Sometimes reality doesn’t live up to expectations. For example, a young child can become so frustrated that they can’t kick a ball or do a handstand that they give up altogether. A school child whose craft project ends up with an accidental random smudge of paint on it may become distressed and say ‘the whole thing’s ruined’. A teenager with a couple of blemishes may not want to leave the house.
These types of reactions are developmentally normal, and offer a chance for children to learn to manage their emotions and cope with disappointment. Children can also learn about the importance of building up skills over time, and not giving up too easily. As children mature, they learn that expecting things to go perfectly every time is unrealistic and can stand in the way of happiness and satisfaction. Unrealistic expectations of ourselves and others about upcoming events can also lead to anger and harsh self-criticism.
Parents have a difficult task in these situations: they need to acknowledge their children’s experiences and feelings, and help them cope with life’s disappointments, but not so much that kids aren’t able to start learning to regulate their own emotions.
STRESSING OVER ‘THE PERFECT EVENT’?
Children learn a lot by observation. So, it helps if they see adults around them handling less-than-perfect situations without losing their cool. That may be something that also takes practice on the adult’s part.
At this time of year, people want to be happy and show their love to family members. Sometimes, that means people can put too much pressure on themselves and others, trying to create ‘the perfect meal’ or find ‘the perfect gift’. No doubt, those very words will be used in advertisements this year, as they are every year!
But chasing perfection can lead to unhappiness. Things do sometimes go wrong. And this year, factors like financial stress and travel restrictions may cause plans to change.
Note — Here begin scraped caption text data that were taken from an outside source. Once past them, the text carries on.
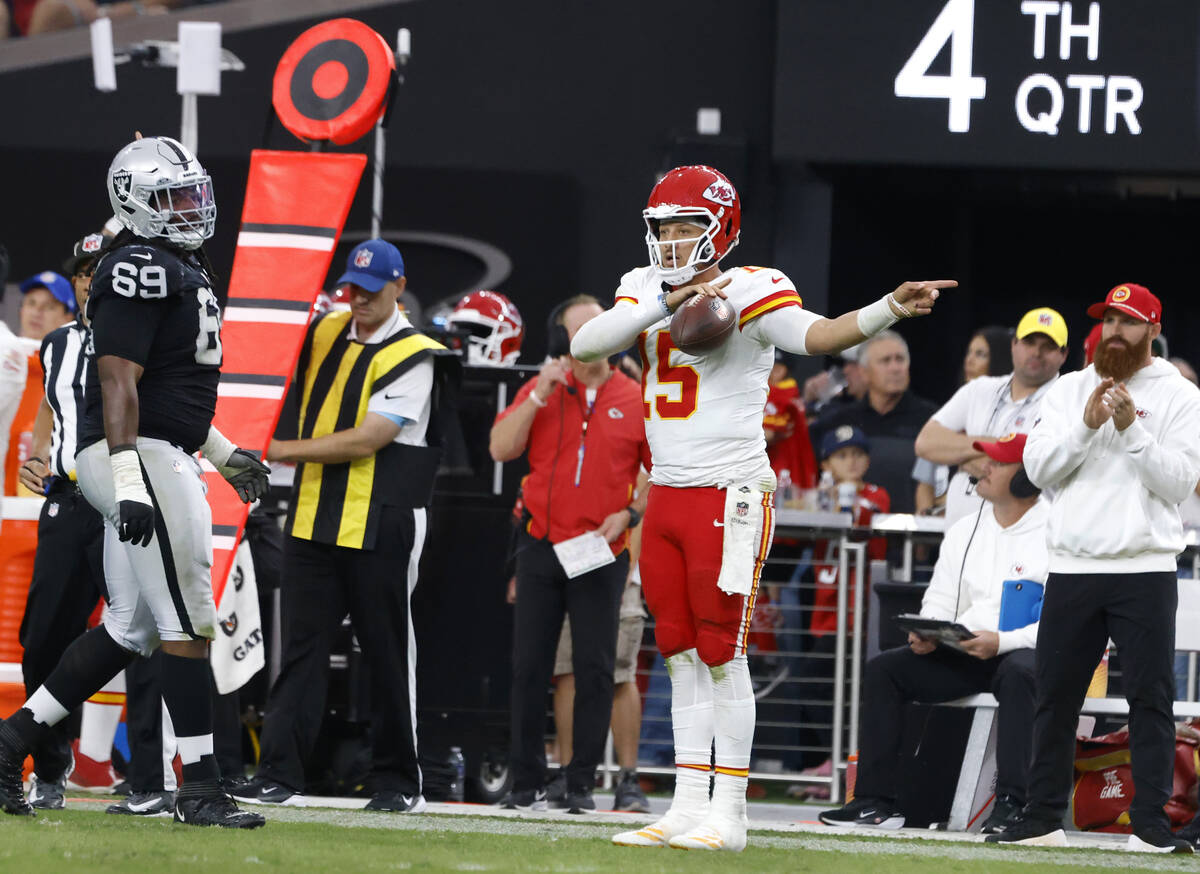 Kansas City Chiefs quarterback Patrick Mahomes (15) signals after a play on first down as Raide ...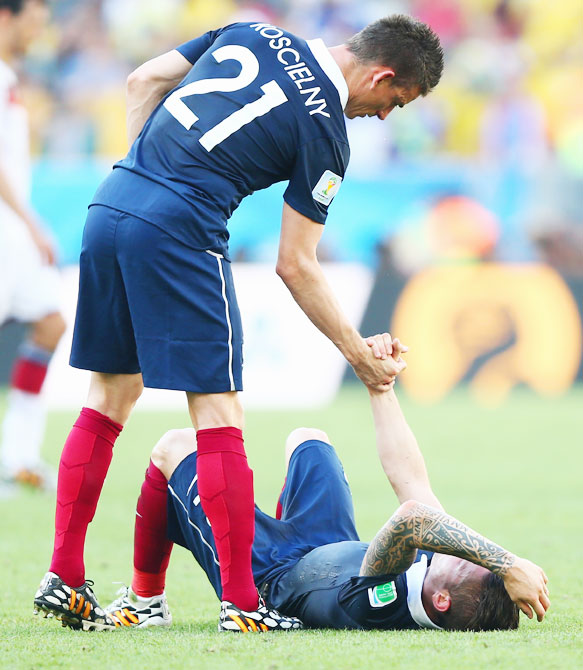 France's Laurent Koscielny (left) consoles teammate Mathieu Debuchy after being defeated by Germany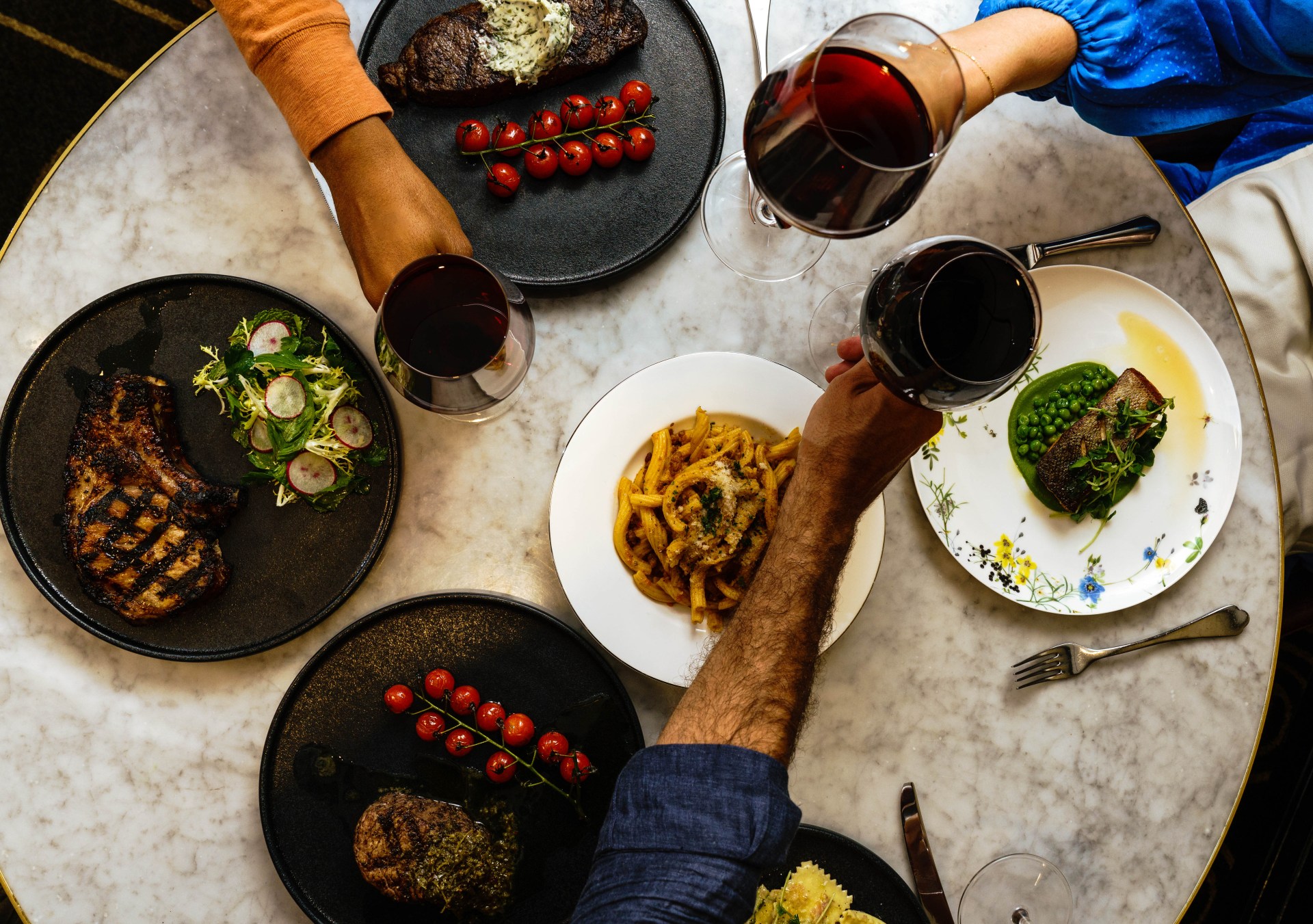 Waldorf Astoria Chicago Dishes from Brass Tack, table with plated dishes and glasses of red wine, tomatoes on vine, grilled pork, ravioli, people toasting with red wine in stemmed glassware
Things may be very different to how you’d normally celebrate.
When someone is striving for perfection, and it doesn’t happen, they may be angry at themselves, and say negative things. Or they may look for someone or something to blame.
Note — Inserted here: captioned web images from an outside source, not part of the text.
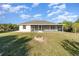 Backyard view of the lanai, house, and a firepit in the lawn, with clear blue skies overhead at 422 Ravenswood Blvd, Port Charlotte, FL 33954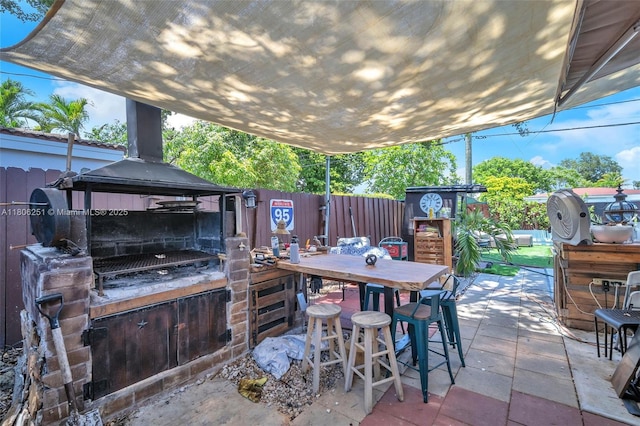 1635 NE 174th St, North Miami Beach, FL 33162 - view of patio with a gazebo and outdoor dining area
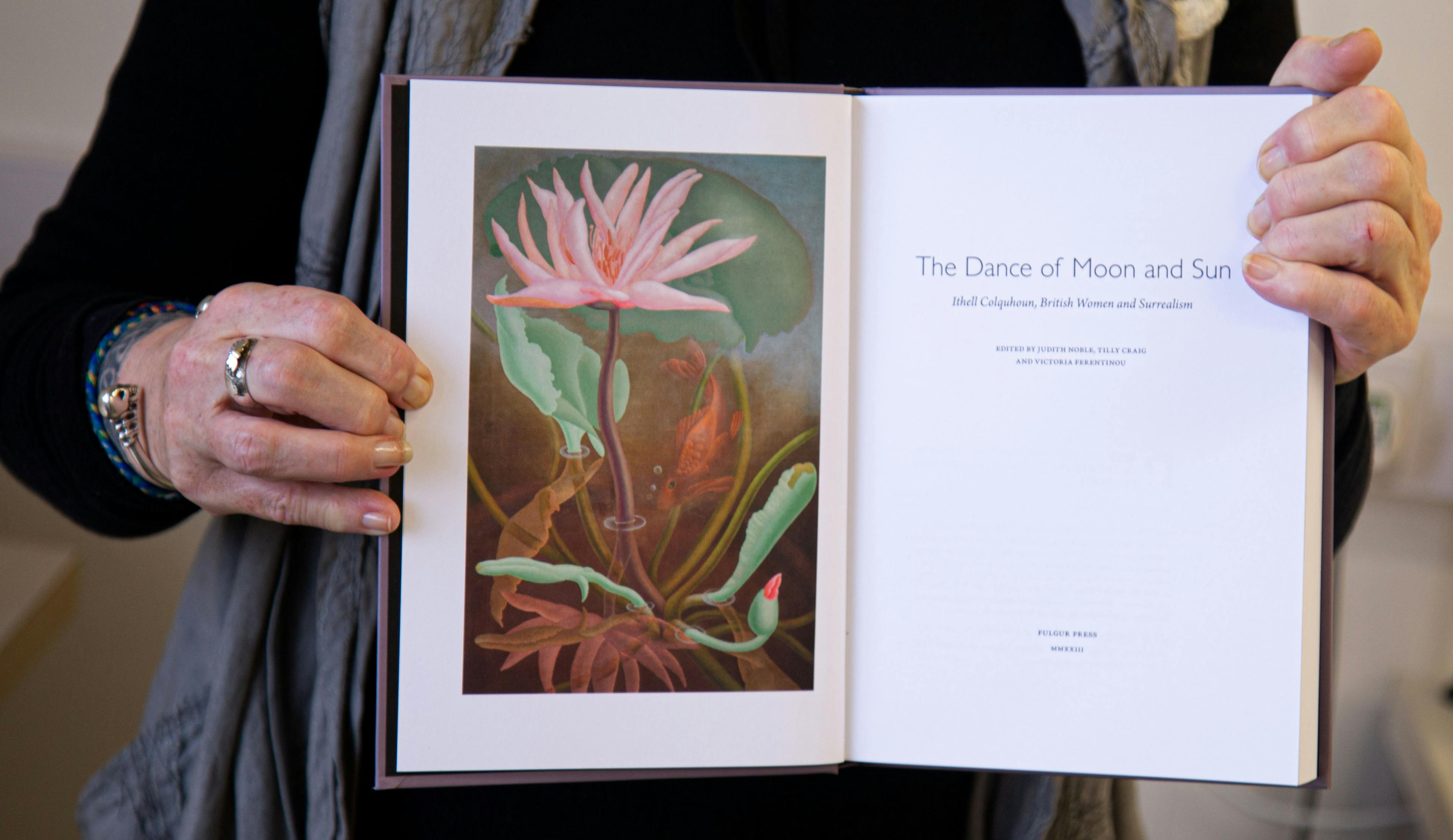 Judith Noble holding copy of The Dance of Moon and Sun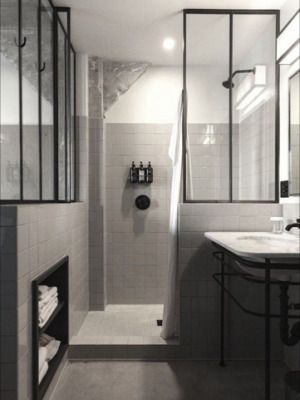 Douche moderne avec paroi de verre à cadre noir, carrelage blanc et lavabo sur la droite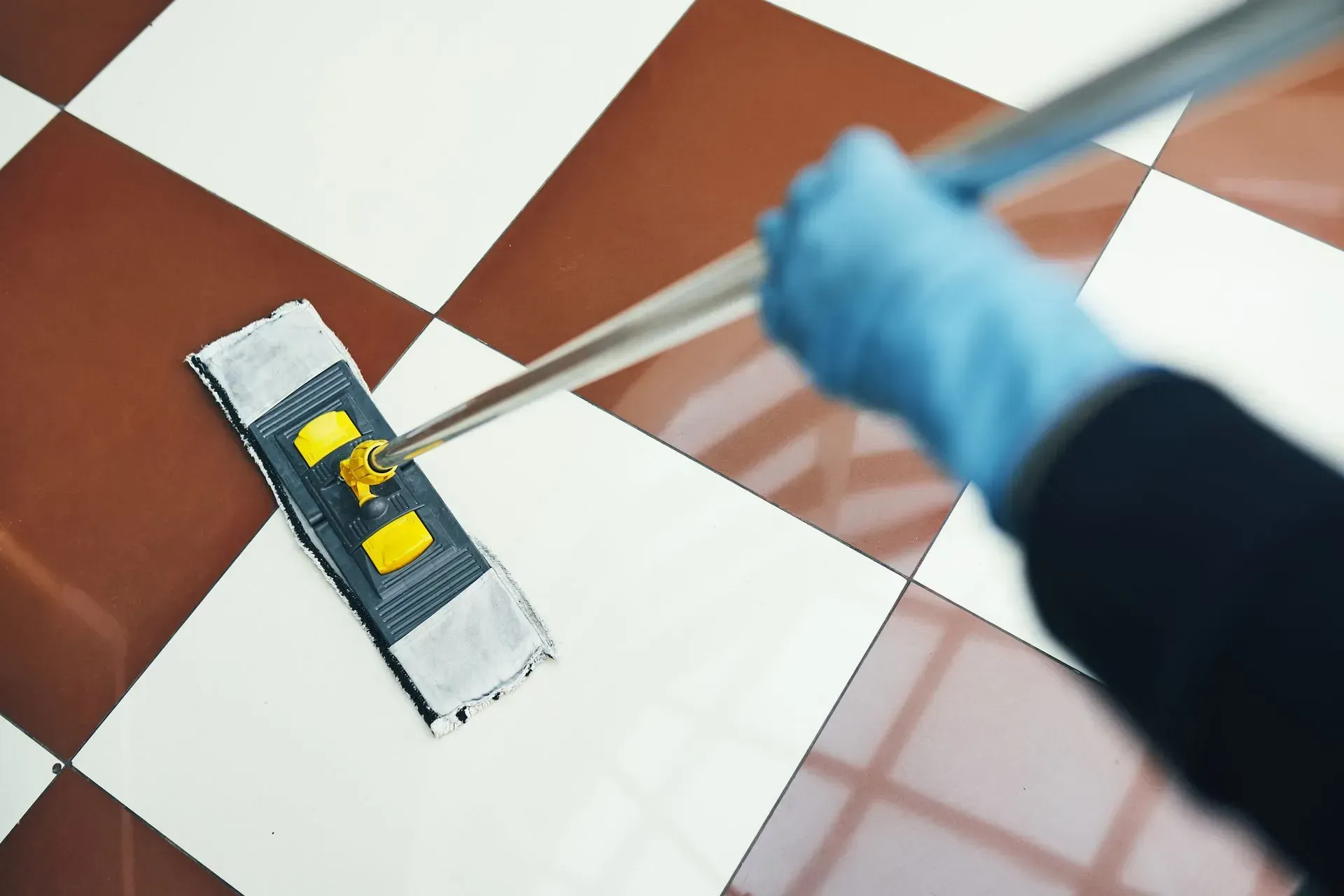 A cropped view of a person cleaning a tiled floor using a mop and wearing a blue protective glove.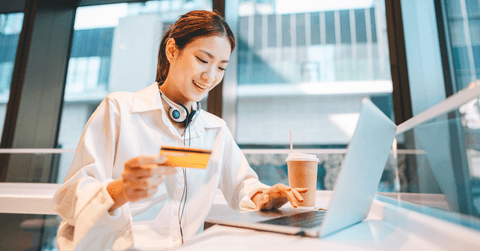 Gen Z woman at cafe on laptop wth debit card in hand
REALISTIC EXPECTATIONS DOESN’T MEAN EXPECTING THE WORST
Having realistic expectations doesn’t mean being negative, or expecting things to be bad. It just means understanding that while we can try our best, sometimes things won’t go quite to plan.
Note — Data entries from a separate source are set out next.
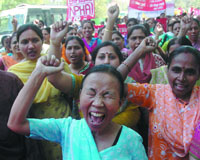 Public health employees hold a demonstration against the 6th Pay Commission under the banner of the National Public Health Alliance at Jantar Mantar in the Capital on Monday.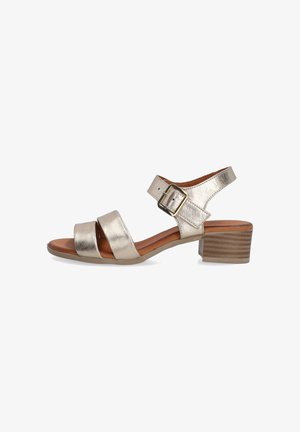 Metallic guld sandal med to brede stropper, ankelspænde og en lav stablehæl. Har en glat tekstur og en polstret indersål.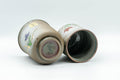 Japanese Teacups - Pair of Floral Green Meoto Yunomi - Arita-yaki - the cups tilted to show the undersides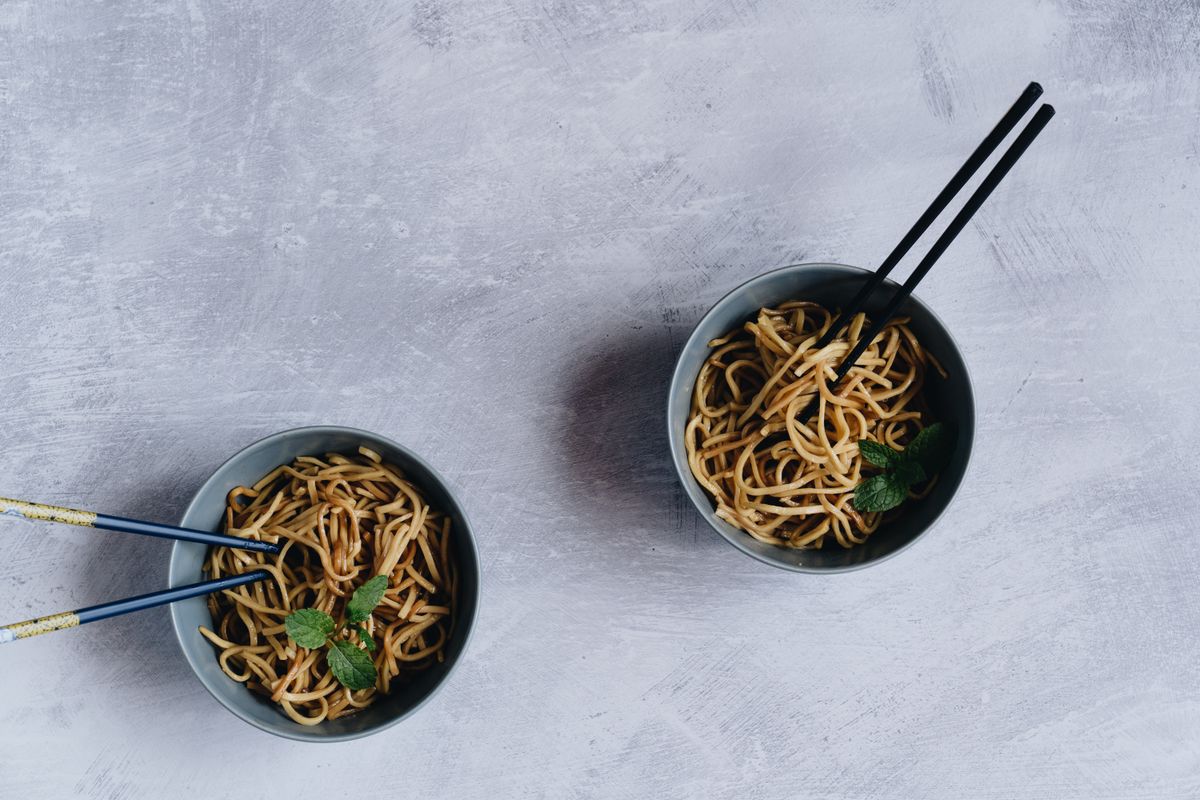 Asian-style noodle bowls garnished with fresh mint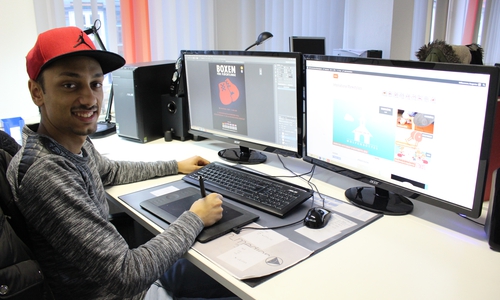 Besnik Salihi erstellt am Computer die nächsten Flyer und Plakate. Foto: Max Förster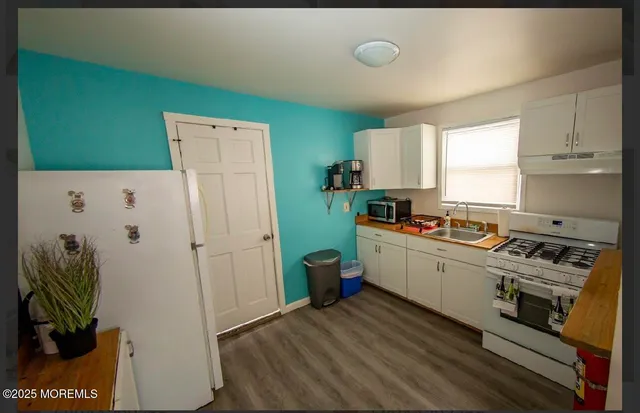 a kitchen with a refrigerator and a stove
Whether it’s a burnt meal, forgetting to bring something, or running late, the big question is, is there another way to react?? For example, if one of these things happens, a person might think: “What a disaster! I should have known I’d mess it up. Everyone’s going to be upset now.” These thoughts will often result in negative emotions.
But another possible reaction would be to think: “Well, this bit didn’t go to plan, but everything else seems okay,” or “Everyone makes mistakes. I’ll just focus on what’s important – spending time together.” Thoughts like these are more likely to lead to feeling more calm, contented, and able to enjoy an event, even if it’s not perfect.
And, quite often, the imperfect moments are the ones you reminisce about for years to come!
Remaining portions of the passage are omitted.